# Task goal:
Each record that follows should be repeated exactly, minus any images.

# Task data:
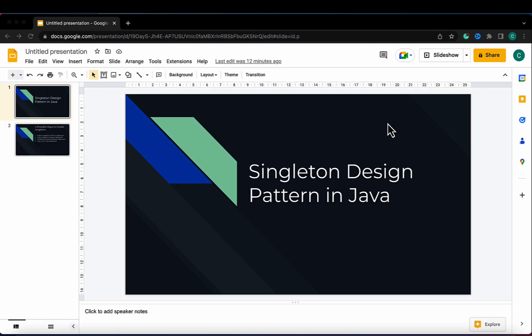Welcome to the channel Codesup. In this tutorial we will learn what is singleton design pattern in Java, in how many ways we can create singleton design pattern in Java, and also what is the best practice to implement singleton design pattern in Java.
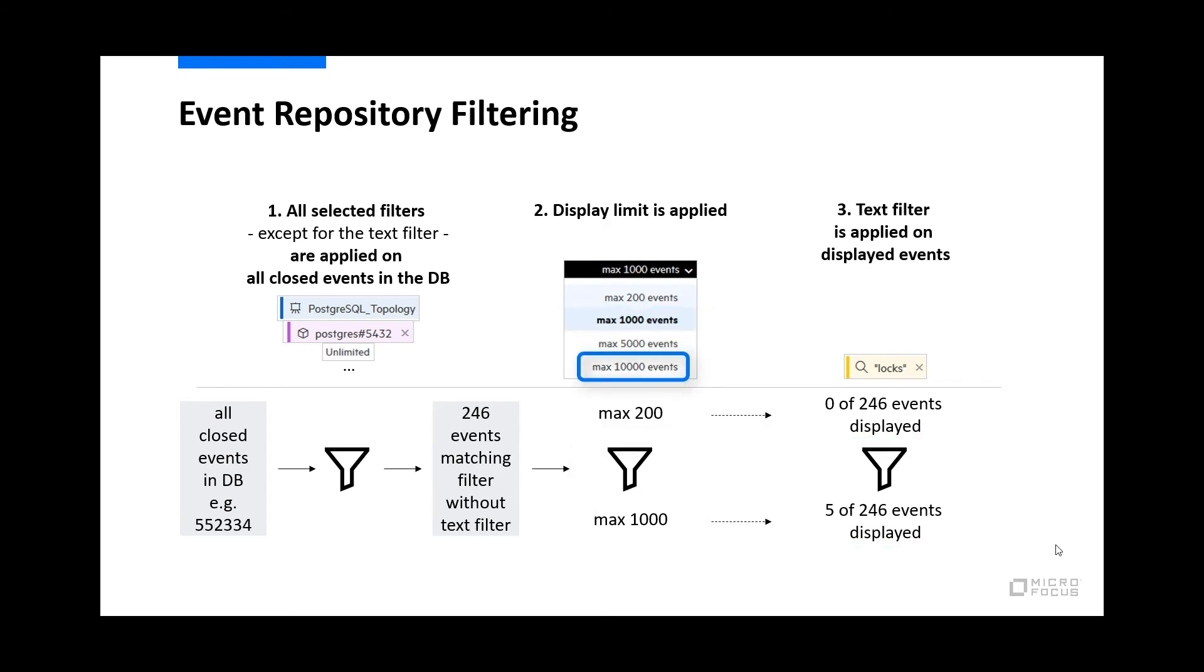10,000 events can be displayed in the event repository as seen before. If more events are matching these filters, the latest 10,000 events are displayed. To avoid any wrong conclusion, it is recommended to adjust the filters executed on the database level to limit the number of resulting events maximum to 10,000.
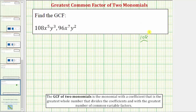For 108, let's begin with 2 times 54. 2 is prime. 54 is equal to 9 times 6. 9 equals 3 times 3, both are prime. And 6 equals 2 times 3.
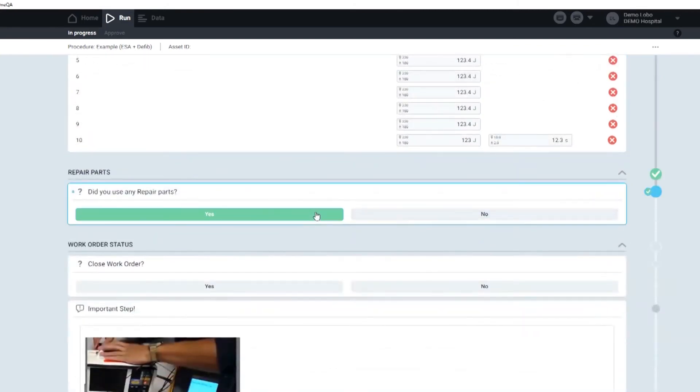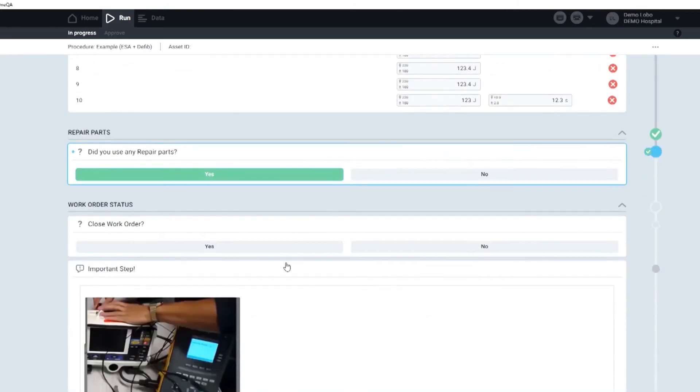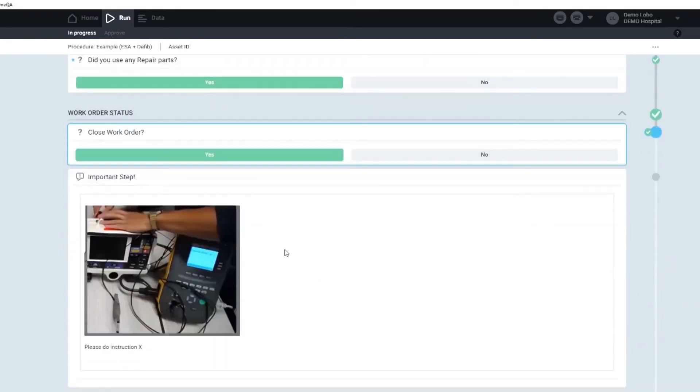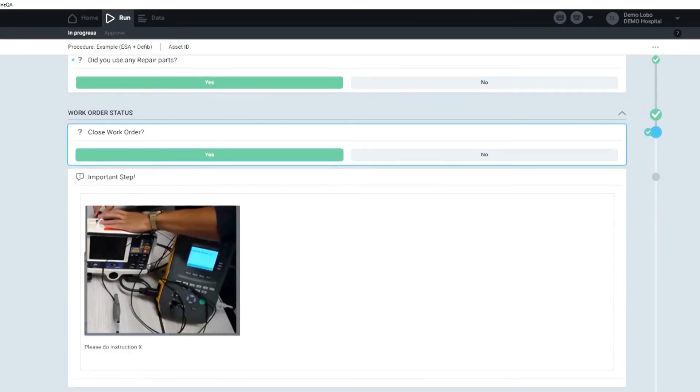Now, I just select yes here. I did use repair parts, and I also want to close that work order. So now there's the last important step, and all I have to do is press done.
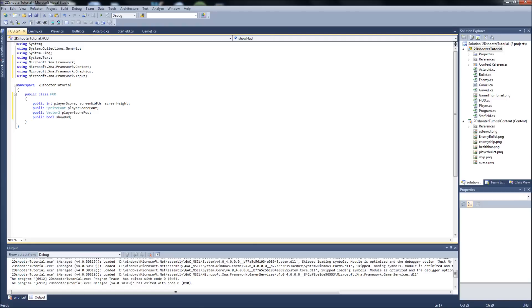The ShowHUD bool - what I'm thinking is some people don't really want to see all that text on the screen all the time, it might get in the way of your enemies. What we can do is later on make the tab key toggle the HUD to show or not show. I just thought that might be helpful later on.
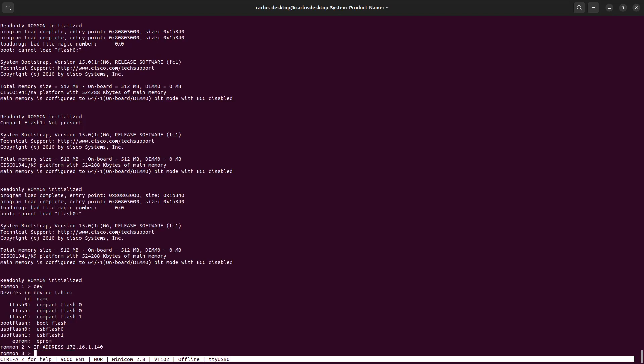Then IP_SUBNET_MASK equals 255.255.255.0.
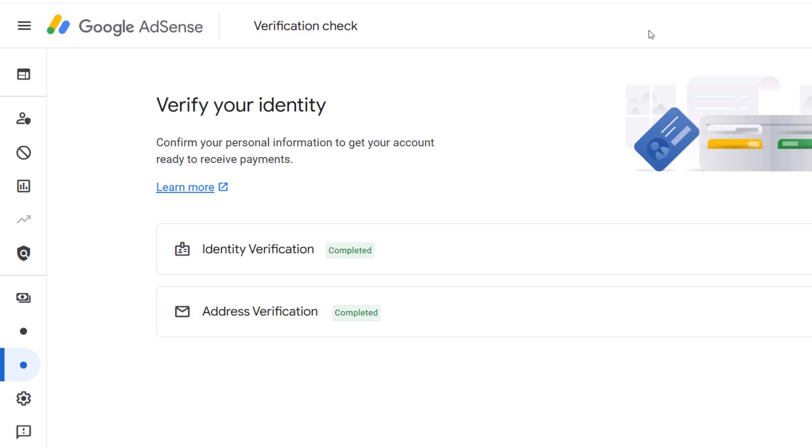In this video, I will show you the AdSense online verification process for YouTube. This online method eliminates the need for an AdSense PIN for address verification, making the process faster and smoother. So you don't need to wait for the address PIN to arrive at your post office.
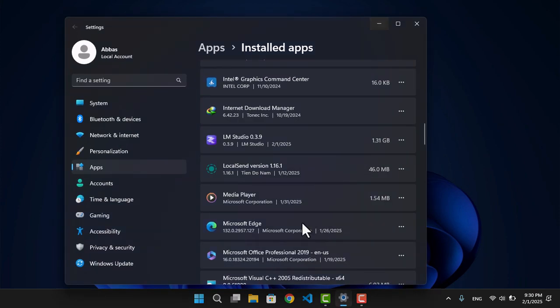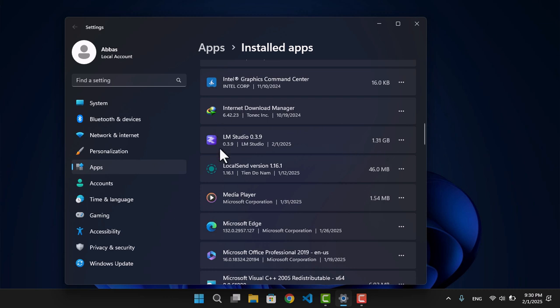If we go ahead and uninstall LM Studio from the apps inside the Settings, it's going to get rid of LM Studio for good, or DeepSeek locally for good. But it is not the case. If you do not believe me, if you have installed LM Studio, go ahead and uninstall it right away and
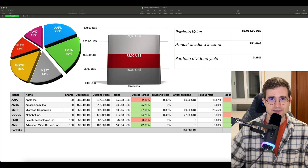Welcome to the video. In this video, we will build a Stock Portfolio Tracker using Apple Numbers.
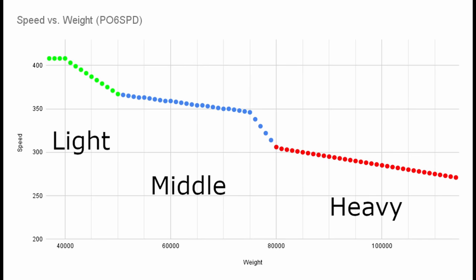These two cliffs seem to artificially separate the graph into three distinct sections. Three sections that somewhat line up with my definition of a lightweight, middleweight, and heavyweight respectively. So while it's still a sliding scale, FromSoft seems to be subtly encouraging these categories.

# Response to this exercise:
Welcome to the channel Codesup. In this tutorial we will learn what is singleton design pattern in Java, in how many ways we can create singleton design pattern in Java, and also what is the best practice to implement singleton design pattern in Java.
10,000 events can be displayed in the event repository as seen before. If more events are matching these filters, the latest 10,000 events are displayed. To avoid any wrong conclusion, it is recommended to adjust the filters executed on the database level to limit the number of resulting events maximum to 10,000.
For 108, let's begin with 2 times 54. 2 is prime. 54 is equal to 9 times 6. 9 equals 3 times 3, both are prime. And 6 equals 2 times 3.
Now, I just select yes here. I did use repair parts, and I also want to close that work order. So now there's the last important step, and all I have to do is press done.
The ShowHUD bool - what I'm thinking is some people don't really want to see all that text on the screen all the time, it might get in the way of your enemies. What we can do is later on make the tab key toggle the HUD to show or not show. I just thought that might be helpful later on.
Then IP_SUBNET_MASK equals 255.255.255.0.
In this video, I will show you the AdSense online verification process for YouTube. This online method eliminates the need for an AdSense PIN for address verification, making the process faster and smoother. So you don't need to wait for the address PIN to arrive at your post office.
If we go ahead and uninstall LM Studio from the apps inside the Settings, it's going to get rid of LM Studio for good, or DeepSeek locally for good. But it is not the case. If you do not believe me, if you have installed LM Studio, go ahead and uninstall it right away and
Welcome to the video. In this video, we will build a Stock Portfolio Tracker using Apple Numbers.
These two cliffs seem to artificially separate the graph into three distinct sections. Three sections that somewhat line up with my definition of a lightweight, middleweight, and heavyweight respectively. So while it's still a sliding scale, FromSoft seems to be subtly encouraging these categories.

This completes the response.